Work order
Your answer must be the full listing, word for word, with no images in it.

Material supplied

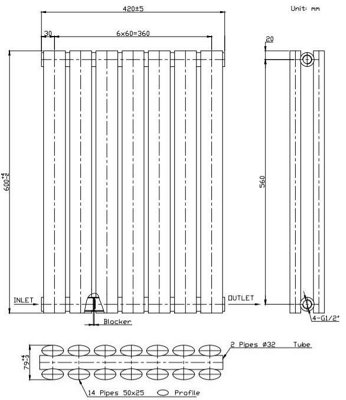 RadiLux Designer Radiator Horizontal White Oval Column Rads Double ...
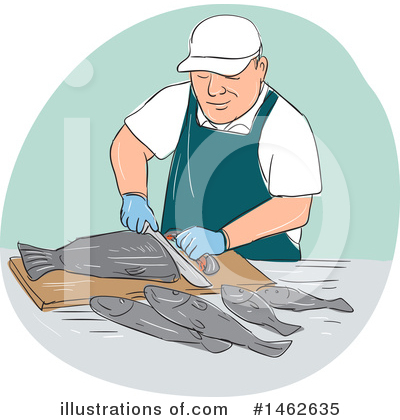 Royalty-Free (RF) Fish Monger Clipart Illustration by patrimonio - Stock Sample #1462635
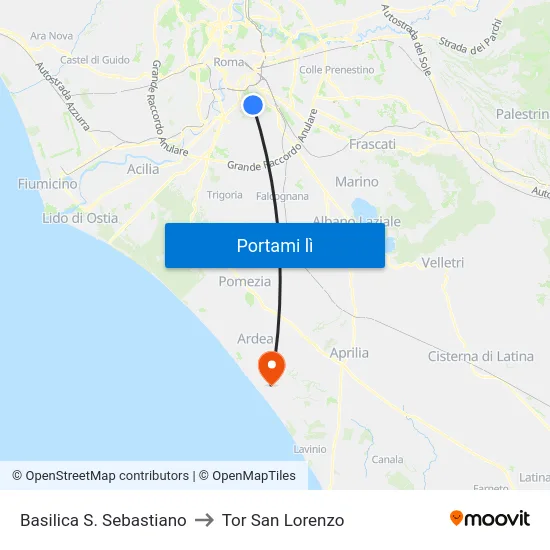 Basilica S. Sebastiano to Tor San Lorenzo map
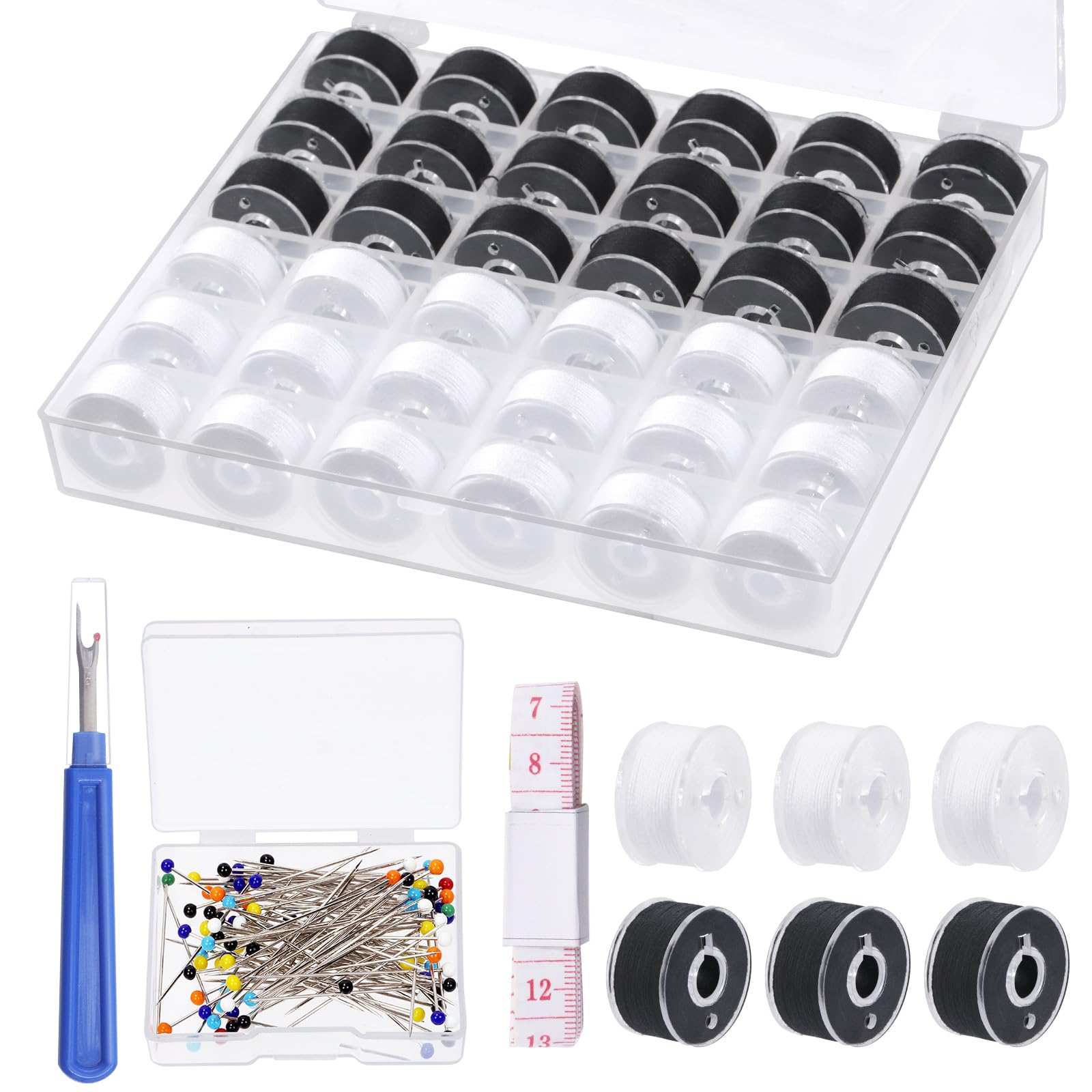 Mardatt 138Pcs White & Black Bobbins Sewing Threads Kit Includes Bobbin Thread with Bobbin Case, Sewing Pins, Measuring Tape and Sewing Seam Ripper, Polyester Threads Set for Hand Machine Sewing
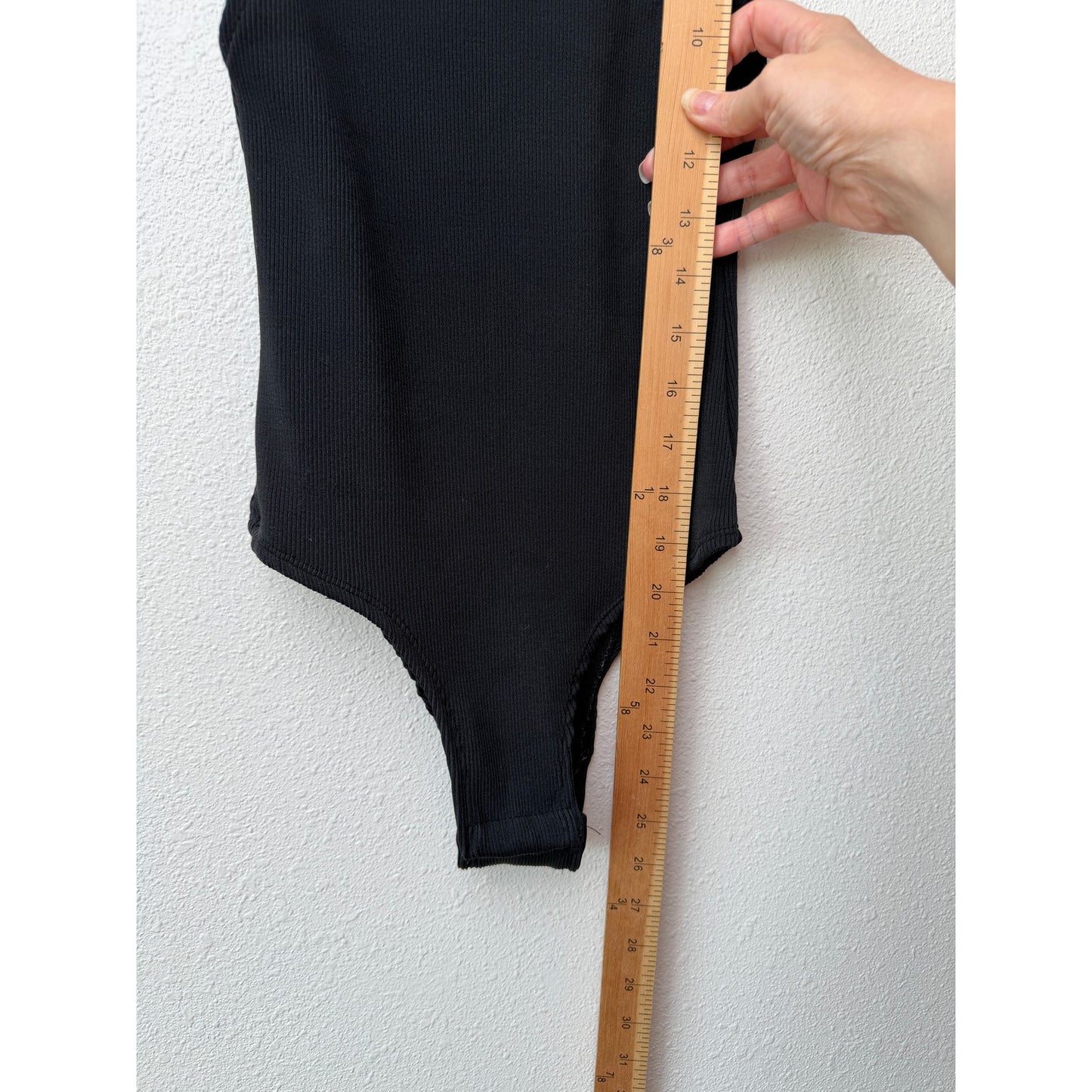 Dance & Marvel Black Ribbed Scoop Back Bodysuit S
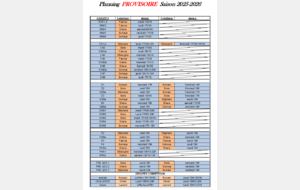 Le planning prévisionnel pour cette saison 2025-206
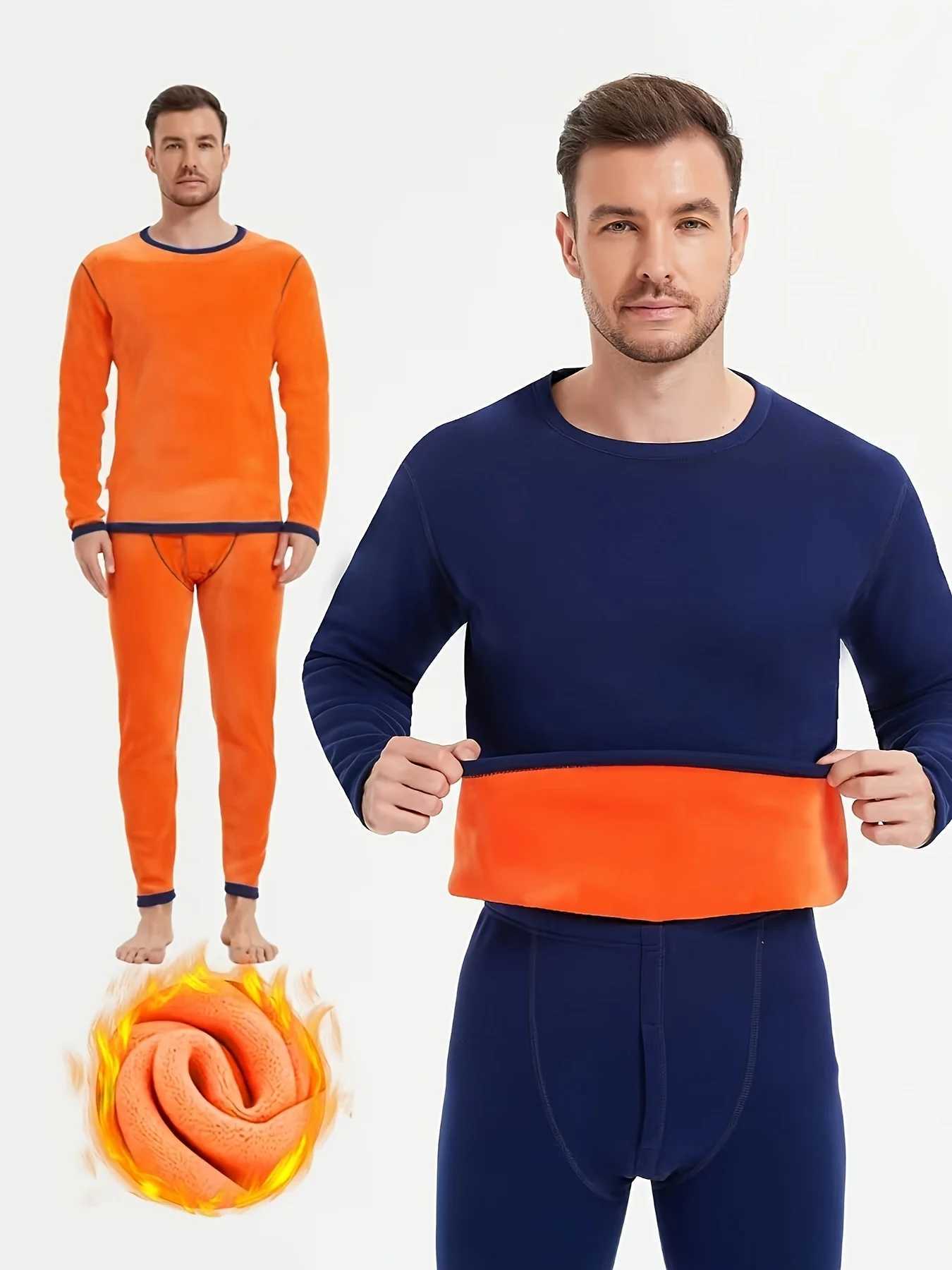 Mens Winter Fleecelined Thick Roundneck Solidcolored Thermal Set with Top and Pants for Cold Protection H251017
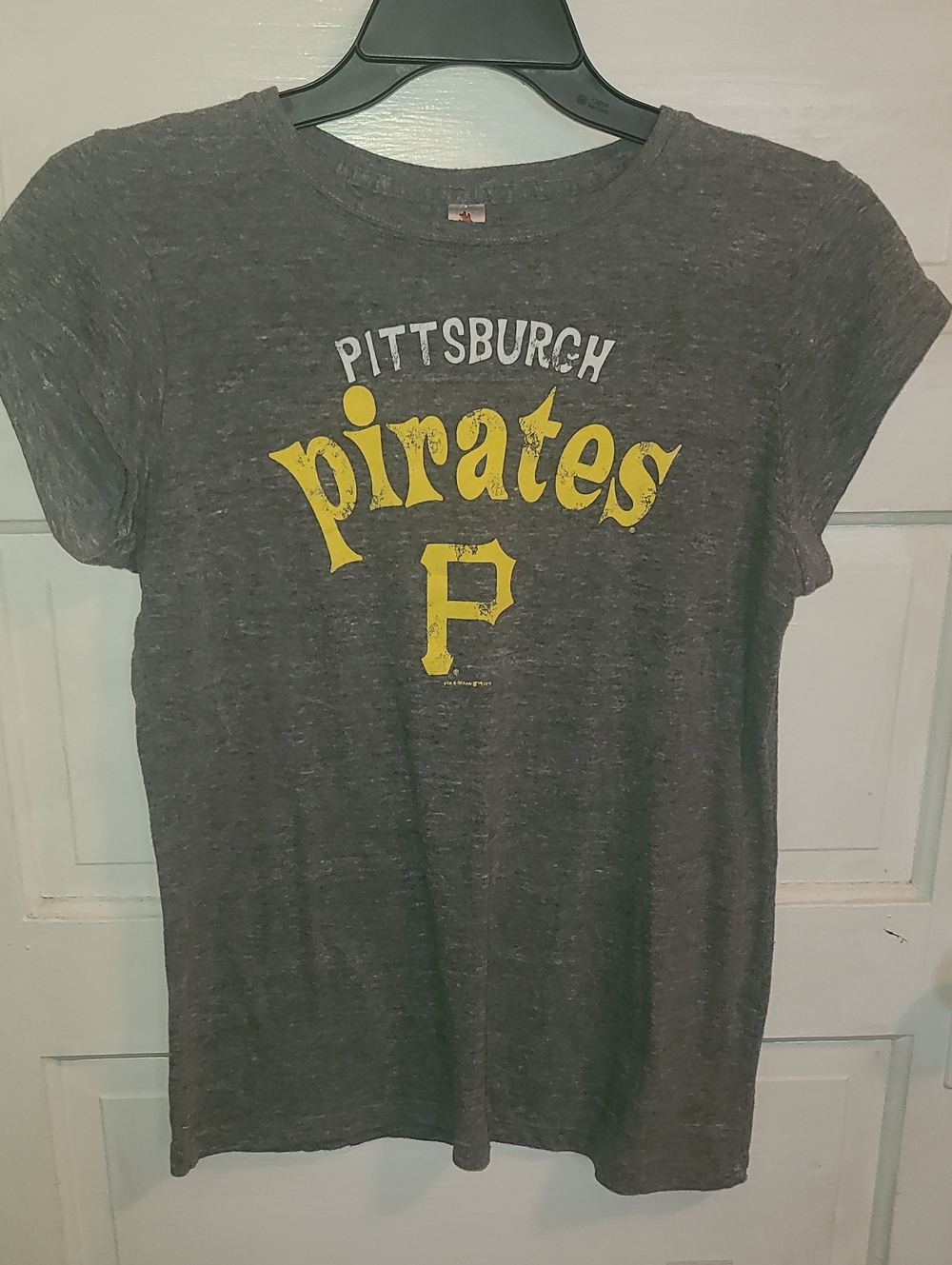 Heather Gray Tee with Yellow Pittsburgh Pirates Logo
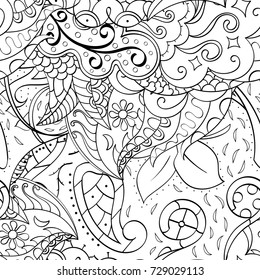 Tracery seamless pattern. Mehndi design. Ethnic monochrome binary doodle texture. Curved doodling black and white background. Vector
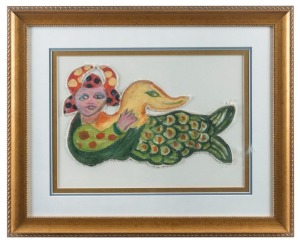 MIRKA MORA (1928-2018), (mermaid with duck), oil on fabric, signed lower left "M.M.", most likely created as a soft toy, 20 x 32cm, 44 x 54cm overall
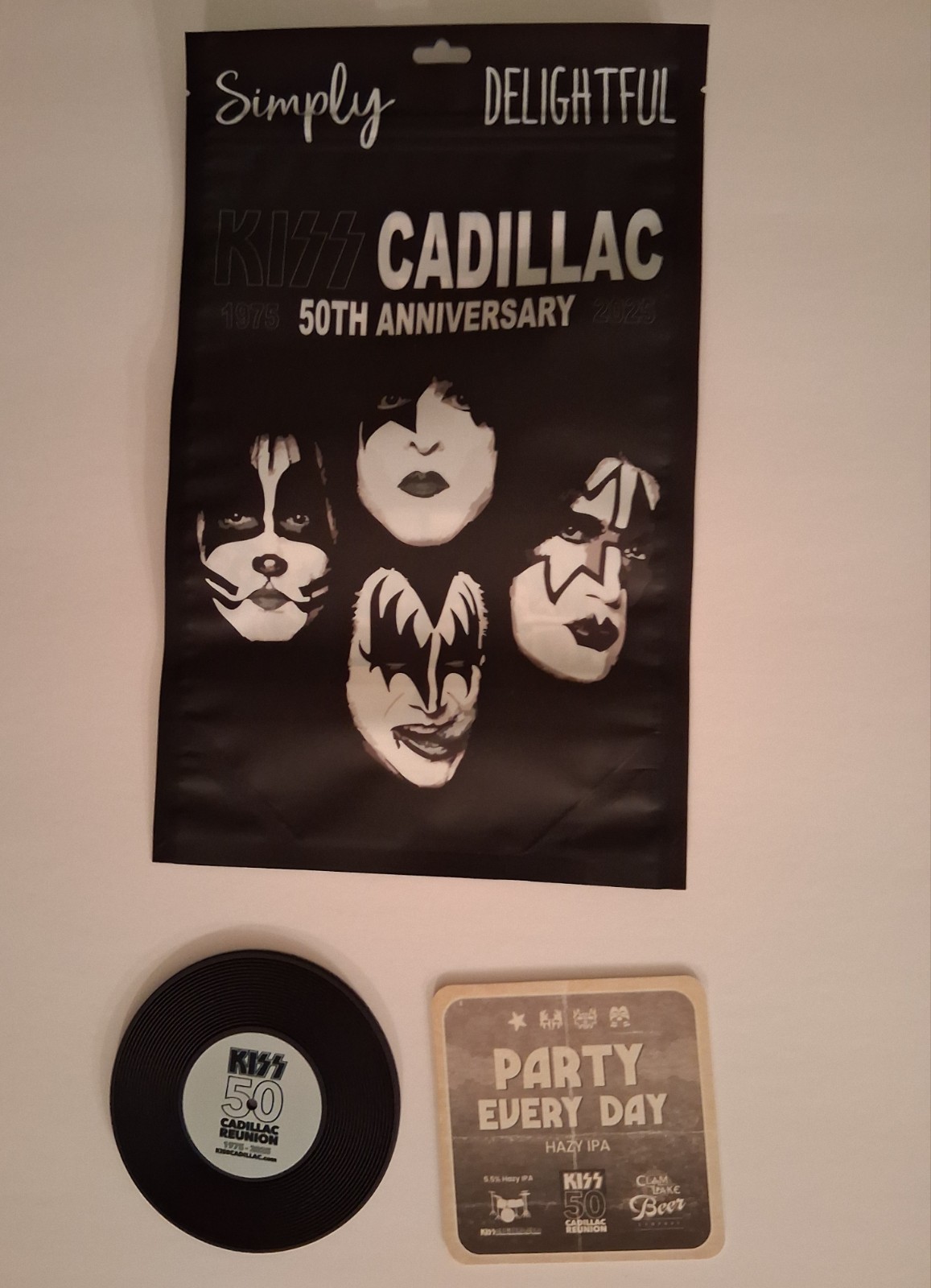 Kiss Cadillac 50th Anniversary Coasters And Sealed Empty Popcorn Bag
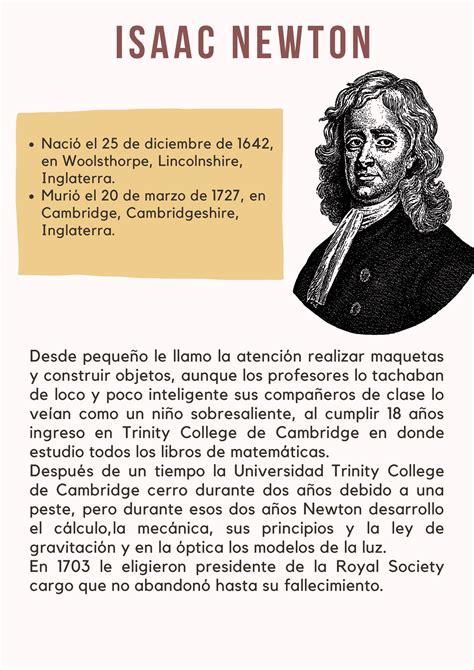 Biografía tareas ISAAC NEWTON Nació el 25 de diciembre de 1642 en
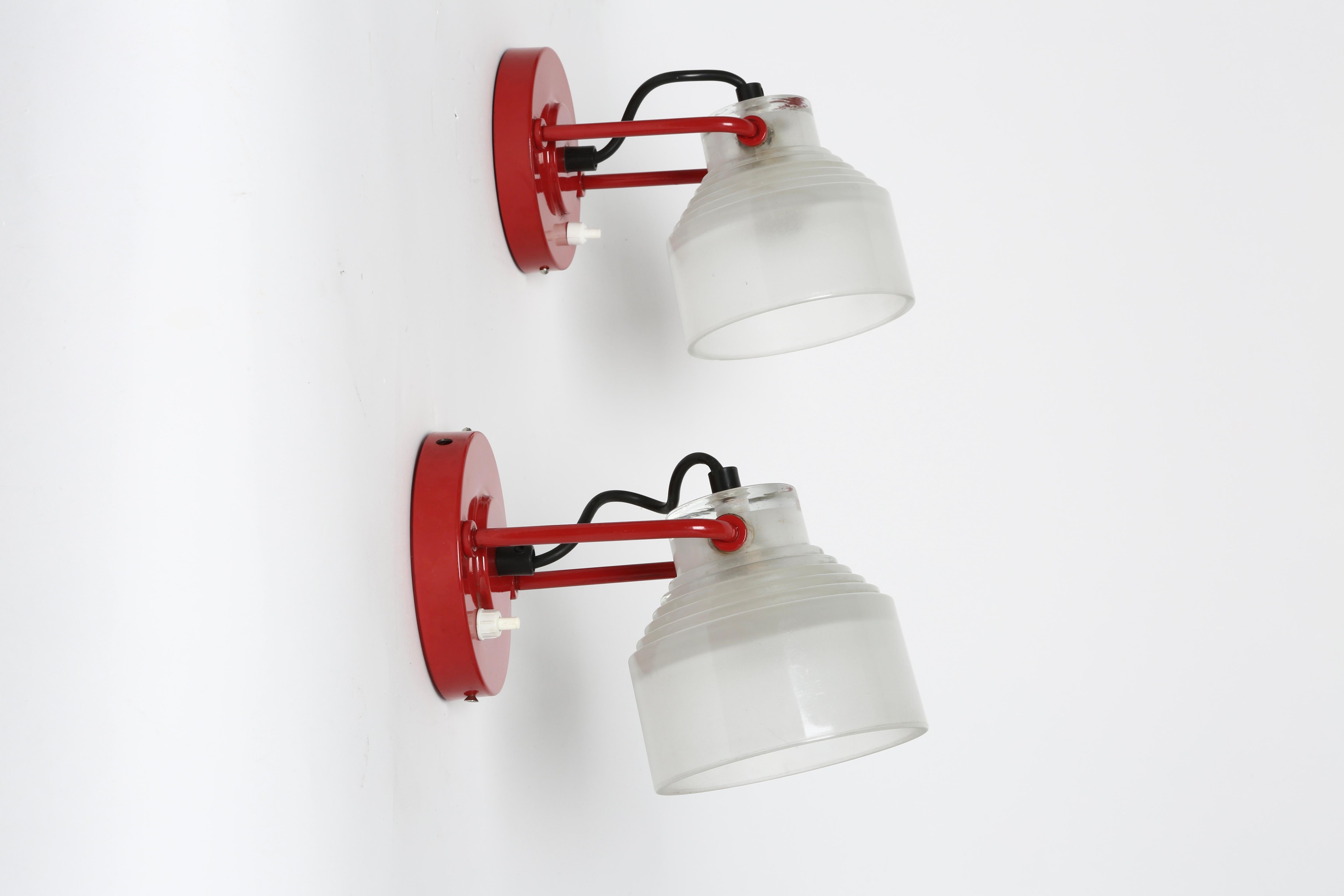 Mid-Century Modern Sconces Attributed to Oluce, Italy, circa 1960s For Sale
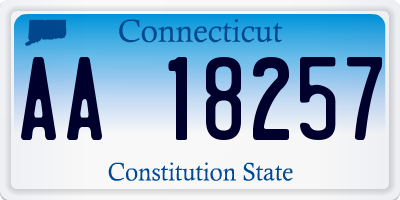 CT license plate AA18257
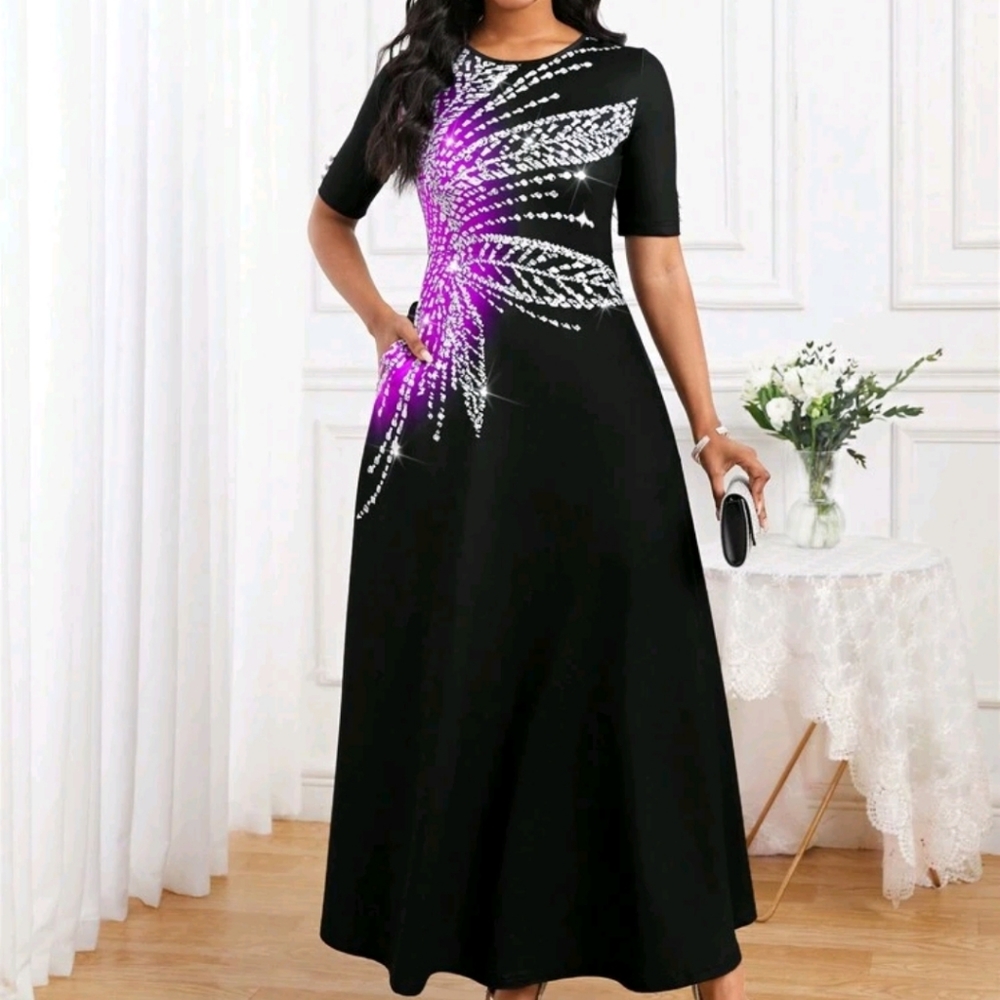 Black Sequin Printed Short Sleeve Pocket Maxi Dress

Result of this task
 RadiLux Designer Radiator Horizontal White Oval Column Rads Double ...
 Royalty-Free (RF) Fish Monger Clipart Illustration by patrimonio - Stock Sample #1462635
 Basilica S. Sebastiano to Tor San Lorenzo map
 Mardatt 138Pcs White & Black Bobbins Sewing Threads Kit Includes Bobbin Thread with Bobbin Case, Sewing Pins, Measuring Tape and Sewing Seam Ripper, Polyester Threads Set for Hand Machine Sewing
 Dance & Marvel Black Ribbed Scoop Back Bodysuit S
 Le planning prévisionnel pour cette saison 2025-206
 Mens Winter Fleecelined Thick Roundneck Solidcolored Thermal Set with Top and Pants for Cold Protection H251017
 Heather Gray Tee with Yellow Pittsburgh Pirates Logo
 Tracery seamless pattern. Mehndi design. Ethnic monochrome binary doodle texture. Curved doodling black and white background. Vector
 MIRKA MORA (1928-2018), (mermaid with duck), oil on fabric, signed lower left "M.M.", most likely created as a soft toy, 20 x 32cm, 44 x 54cm overall
 Kiss Cadillac 50th Anniversary Coasters And Sealed Empty Popcorn Bag
 Biografía tareas ISAAC NEWTON Nació el 25 de diciembre de 1642 en
 Mid-Century Modern Sconces Attributed to Oluce, Italy, circa 1960s For Sale
 CT license plate AA18257
 Black Sequin Printed Short Sleeve Pocket Maxi Dress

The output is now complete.